◆ EXERCISE OBJECTIVE ◆
Please output the data exactly, minus pictures.
══ MATERIAL PROVIDED
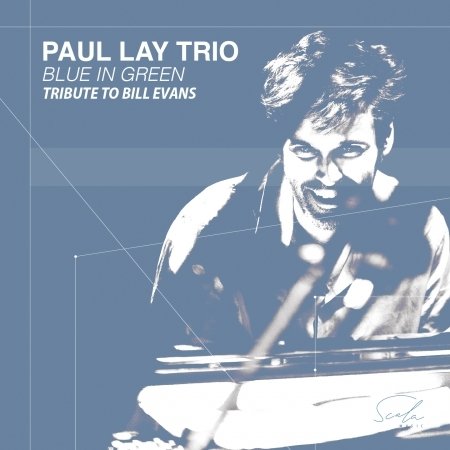Cover for Paul -Trio- Lay · Blue In Green - Tribute To Bill Evans (CD) (2022)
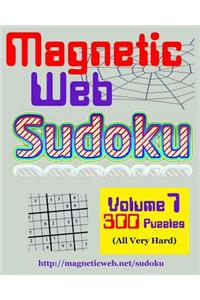 Magneticweb Sudoku - Volume 7: 300 Puzzles (All Very Hard): 300 Puzzles (All Very Hard)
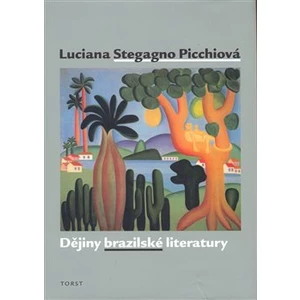 Dějiny brazilské literatury - Picchiová Luciana Stegagn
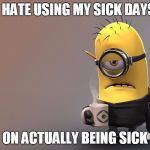 Sick Minion | I HATE USING MY SICK DAYS; ON ACTUALLY BEING SICK | image tagged in sick minion | made w/ Imgflip meme maker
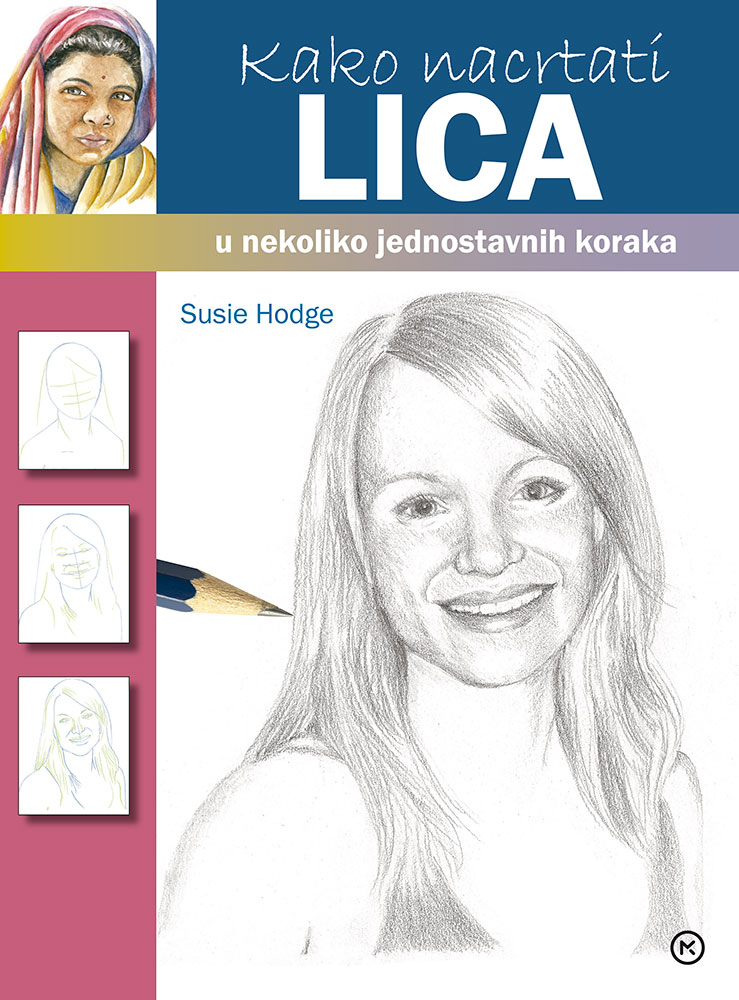 Kako nacrtati lica u nekoliko jednostavnih koraka Susie Hodge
════
◆ FINAL ANSWER ◆
Cover for Paul -Trio- Lay · Blue In Green - Tribute To Bill Evans (CD) (2022)
 Magneticweb Sudoku - Volume 7: 300 Puzzles (All Very Hard): 300 Puzzles (All Very Hard)
 Dějiny brazilské literatury - Picchiová Luciana Stegagn
 Sick Minion | I HATE USING MY SICK DAYS; ON ACTUALLY BEING SICK | image tagged in sick minion | made w/ Imgflip meme maker
 Kako nacrtati lica u nekoliko jednostavnih koraka Susie Hodge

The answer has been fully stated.